Table 4 presents the effect of loperamide on food consumption, water intake, number of faecal pellets, water content of the pellets, weight of the pellets and weight gain three days before administration of the test products compared with the non-constipated animals. It appears from this study that loperamide induced constipation in all non-constipated (normal) animals, which resulted in a significant decrease (p ˂0.01 and p˂0.001) of these parameters, with the exception of the weight which increases significantly (p ˂0.001) compared to the control group (Cg). Furthermore, the oral administration of the aqueous extract (125, 250 and 500 mg/kg) of the recipe to constipated rats shows a significant reduction in onset of excreted sells (p<0.001) (table 5), a significant increase (p<0.001) in the frequency of excreted sells (table 6) as well as the quantity of excreted sells during the 8 h of experimentation (table 7). In addition, oral administration of castor oil, the aqueous extract of the recipe made from the leaves of O. grastissium and the bark of T. superba at increasing doses (125, 250 and 500 mg/kg) significantly increase food consumption, water intake, number of faecal pellets, water content of pellets, weight of pellets and reduced weight gain of constipated animals treated during the seven days by those having received distilled water (table 8).

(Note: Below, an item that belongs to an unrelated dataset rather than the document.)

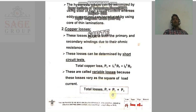The total loss of a transformer equals the core loss PI plus the copper loss PC. Thank you.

Table 4: Effect of loperamide on food consumption, water consumption and fecal properties in untreated constipated rats

Paramètres	Controle normal	Rats constipes
Food consumption	25.69±0.40	40.36±2.30 ***
water intake	17.89±1.68	9,68±0.65 **
Number of faecal pellets	21.57±1.42	6.63±0.44 **
Water content of pellets	3.04±0.39	0.52±0.53**
Weight of stool excreted	2.15±0.36	0.47±0.06 ***
Body weight	231.62±2.47	256.45±0.99***

Each value represents the mean±ESM (n= 5 per group) of sells parameters. **p<0.01; ***p<0.001, Significant different (Student t-test) versus control group.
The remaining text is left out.